Despite less-than-energetic first periods, the Flyers have done an admirable job collecting points this season and climbing into a playoff spot.
That said, there have been too many slow starts. Too many times where they have fallen behind and chased the game.
It happened again Tuesday in a 5-4 shootout loss in Detroit.
The Flyers were outplayed, outshot, and outworked in the first period — against a going-nowhere team that had lost 10 straight — and fortunate to be in a scoreless tie after 20 minutes.
They have led after the opening period just 14 times in 74 games.
“That’s something we’re not happy with,” said rookie defenseman Robert Hagg, one of eight players on the ice for an optional practice Wednesday in Voorhees. “We need to be more prepared going into the games.”
In the loss to the lowly Red Wings, the Flyers fell into a 3-1 hole heading into the third period.
“Maybe we thought it was going to be an easy game and we didn’t play the right way, didn’t play hard,” center Sean Couturier, who scored his 30th goal of the season and 100th of his career, said after the defeat. “We wasted 40 minutes. We came back and got a big point, but we can’t be wasting time at this time of the year.”
“It gets harder and harder at this time of year to catch up,” coach Dave Hakstol said Wednesday, referring to the Flyers’ habit of falling behind in games. “A first period like last night, where it was just OK, isn’t good enough at this time of year. That’s an area where we have to grow and mature and do it quick, because there aren’t a lot of opportunities left.”
The Flyers have eight games remaining, starting with Thursday’s meeting against the visiting New York Rangers.
Couturier said “each individual just has to prepare themselves, maybe a little better. Try to be ready from the start. Just focus on yourself and what you have to do to help the team.”
On Thursday, the Flyers will face another team out of playoff contention.
“It’s more up to us. It doesn’t matter how they play,” said Hagg, whose team is 1-1 against the Rangers, including a 7-4 victory Feb. 18 in their most recent meeting. “We need to bounce back. That game [Tuesday] wasn’t good enough at all from anyone. We need to be prepared, especially for the start of the game.”
Rookies are expected to be in the nets for each team. Alex Lyon (3-2-1, 2.42 goals-against average, .914 save percentage) figures to get the start for the Flyers, and he will oppose Bulgarian-born Alexandar Georgiev, who is 3-2-1 with a 2.94 GAA and a .922 save percentage.
In last month’s win at Madison Square Garden, Lyon stopped 25 of 26 Rangers shots in relief and recorded his first NHL victory. He played well Tuesday after relieving the struggling Petr Mrazek, stopping 11 of 12 shots and helping the Flyers salvage a point.
“He’s shown a real good level of ability to be performance-ready, whether it’s in a start or coming off the bench, which isn’t always the easiest scenario,” Hakstol said. “He’s given us a chance each time to get back into a game.”

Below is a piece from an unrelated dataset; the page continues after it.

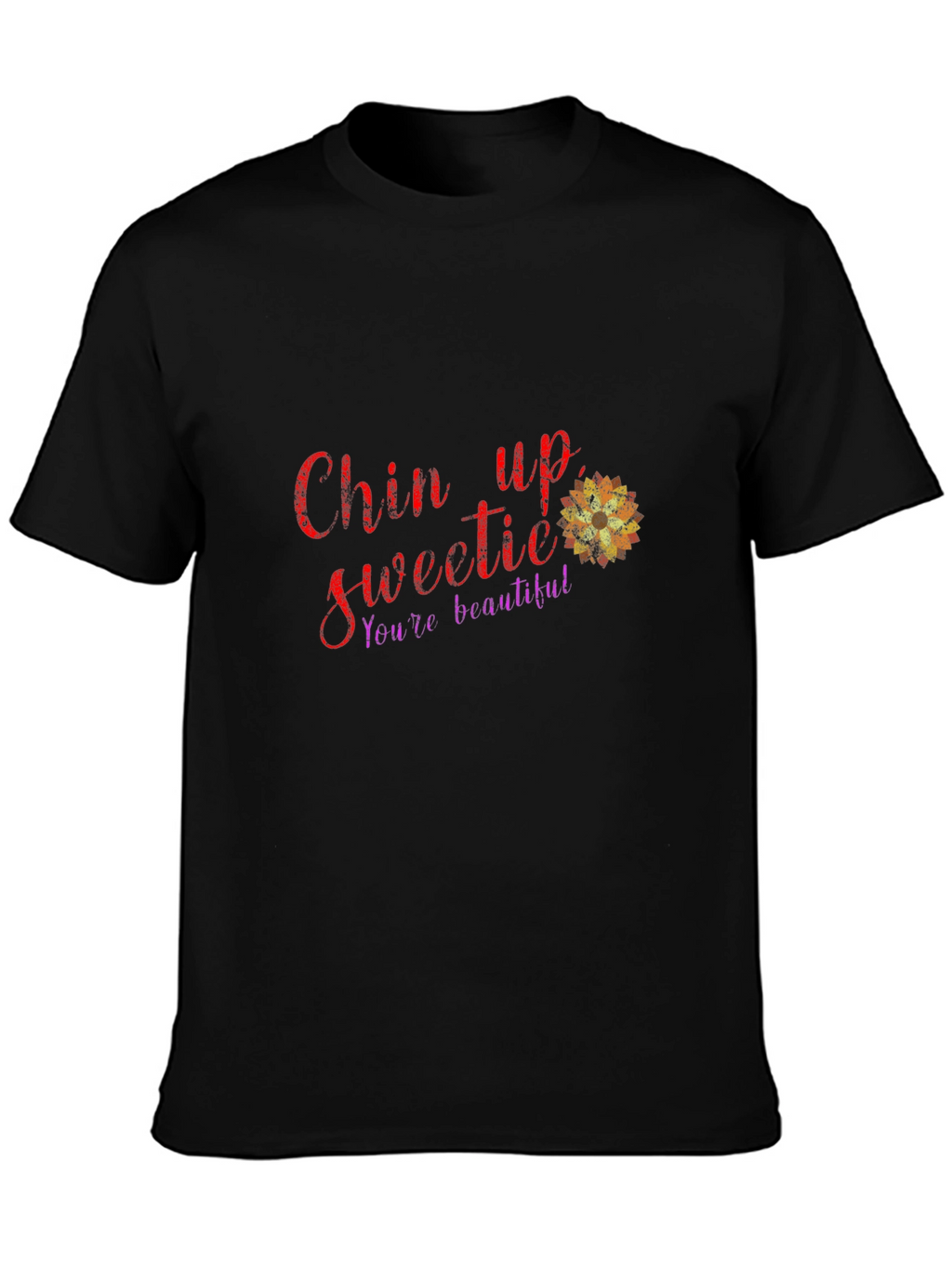 Chin Up Sweetie Graphic T-Shirt - Encouragement Tee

Conversely, the recently acquired Mrazek has dipped dramatically. After winning his first three starts with the Flyers, he has just two victories in his last nine appearances. He has a 3.27 goals-against average and a .885 save percentage in 12 games with the Flyers, and those numbers are considerably weaker than his career numbers (2.60 GAA, .912 save percentage) with Detroit.
“He’s made a lot of good saves, but at this time of year, it’s about looking for that one extra save somewhere that can make a difference,” Hakstol said.
The Flyers have slipped into the top wild-card spot. They are five points out of first place, and five points ahead of surging Florida, which has three games in hand and is trying to get into the second and final wild-card position.
“We remain in a good spot, but everything is tight and every single point is at a premium,” Hakstol said. “We earned a point in the third period [Tuesday], but I think we clearly have to know we let a point slip away in the first half of that hockey game.”
It’s a familiar refrain, and the poor starts need to end if the Flyers are going to be taken seriously in the playoffs — if they get there.